28:17Leocadia, libre de la culpa que la había atormentado, abrazó a su hija Ángela, ambas llorando lágrimas de alivio.
28:33Su vínculo, puesto a prueba por el fuego, era ahora más fuerte que nunca.
28:38Vio a Curro tomar la mano de Ángela, y en sus ojos vio un futuro de amor verdadero y honesto.
28:43Pía y Ricardo, liberados del yugo de Cristóbal, por fin pudieron hacer planes.
28:53Con Dieguito jugando a sus pies en los jardines ahora pacíficos, soñaron con un futuro juntos, un futuro donde el miedo ya no tenía cabida.
29:01Ricardo se arrodilló y, con una sencillez conmovedora, le pidió a Pía que se casara con él.

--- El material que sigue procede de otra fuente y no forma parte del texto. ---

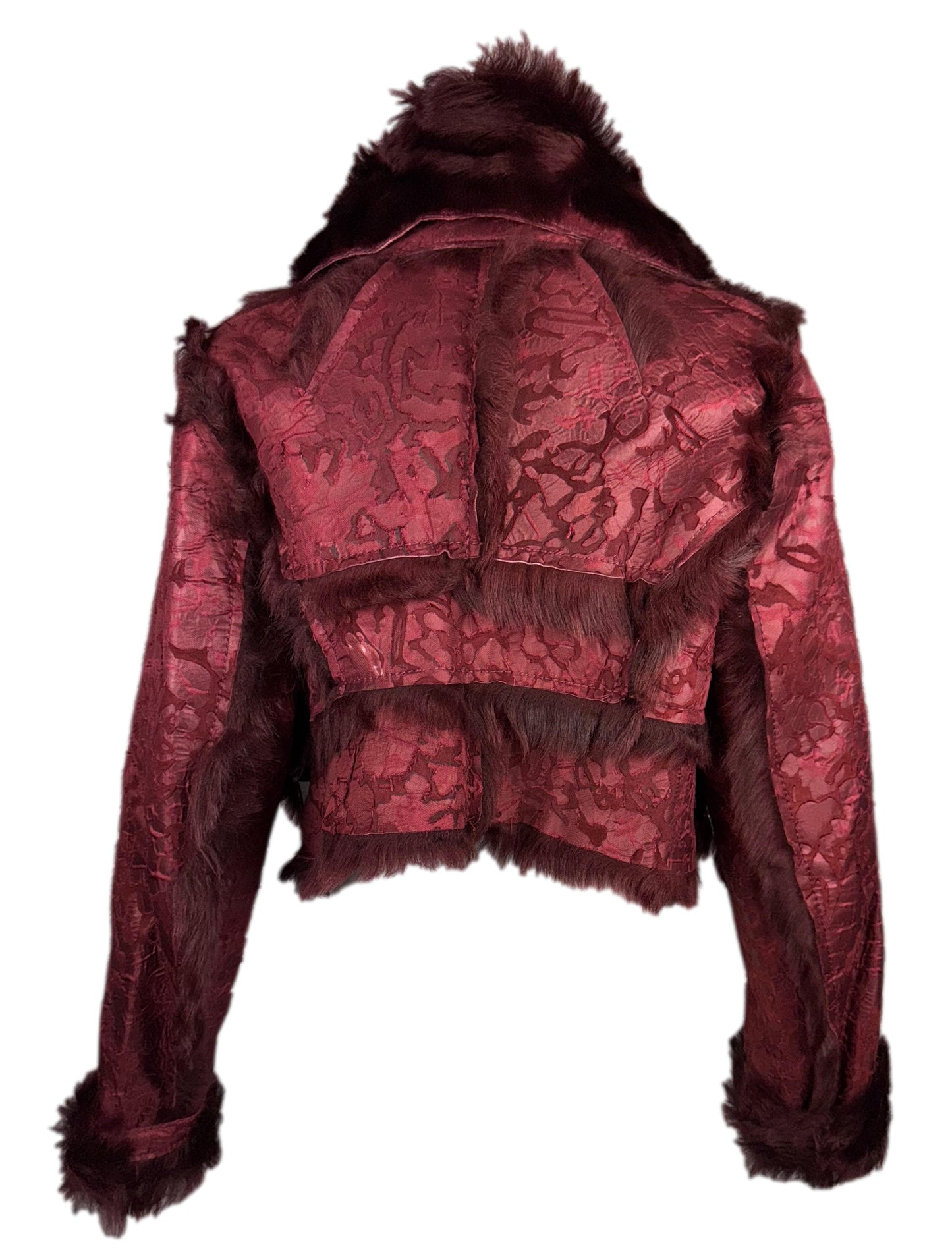 NWT F/W 2006 Christian Dior by John Galliano Runway Burgundy Leather & Fur Cropped Jacket Coat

29:15Ella aceptó entre lágrimas de felicidad.
29:18Catalina se ganó el respeto incondicional de su padre y de todos en la comarca.
29:21Se había demostrado a sí misma y al mundo que no era solo la hija del marqués, sino una líder por derecho propio.
29:36Alonso le entregó más responsabilidades en la gestión de la promesa, y ella las aceptó con orgullo.
29:41Al ver el amor florecer a su alrededor, Vera y López se encontraron en la cocina, el lugar donde todo había comenzado.
29:53Las discusiones y los malentendidos del pasado parecían triviales ahora.
30:01He sido un tonto, admitió López.
30:07Tu pasado no importa, solo importa nuestro futuro.
30:10Vera sonrió, una sonrisa genuina que iluminó su rostro, y lo besó, sellando su reconciliación.
30:16María Fernández, inspirada por la valentía de Llana, finalmente dejó de huir de sus sentimientos.
30:31Encontró a Samuel en la biblioteca y, sin más preámbulos, le confesó su amor.
30:36Samuel, que la había amado en silencio durante tanto tiempo, la tomó en sus brazos, prometiéndole un amor paciente y verdadero.
30:46Toño, con el corazón rebosante de alegría por la reconciliación con Simona y el nuevo comienzo de todos, encontró a Enora junto a la fuente.
31:00Se arrodilló y le ofreció un anillo hecho con una flor silvestre.
31:05No tengo mucho que ofrecer, Enora, pero te ofrezco todo lo que soy.
31:09Cásate conmigo.
31:14Esta vez, Enora no pidió tiempo.
31:16Sí, susurró.
31:18Sí, me casaré contigo.
31:23Y en el centro de todo, estaban Manuel y Llana.
31:27Se encontraron en el acantilado donde tantas veces habían soñado juntos.
31:31El sol se ponía, tiñendo el cielo de naranja y púrpura.
31:39Durante mucho tiempo, no dijeron nada.
31:45Simplemente se miraron, comunicándose con los ojos todo el dolor de la separación, toda la alegría del reencuentro.
31:51Creí que te había perdido para siempre, dijo finalmente Manuel, su voz rota por la emoción.
32:05Nunca me perdiste, respondió Llana, tomando su mano.
32:10Incluso en la más profunda oscuridad, tu recuerdo era mi única luz.
32:13Se besaron, no fue un beso de pasión desesperada, sino un beso de paz, de certeza.
32:27Un beso que prometía no un cuento de hadas, sino una vida real, con sus desafíos y sus alegrías, pero una vida que enfrentarían juntos.
32:36La promesa había sobrevivido a su noche más oscura.
32:44Las sombras habían sido expulsadas por la luz de la verdad.
32:50Y en los pasillos donde antes reinaban el miedo y la mentira, ahora resonaba la risa, la música y la promesa de un futuro brillante.
32:58La justicia había llegado, no como un final, sino como un nuevo y maravilloso comienzo.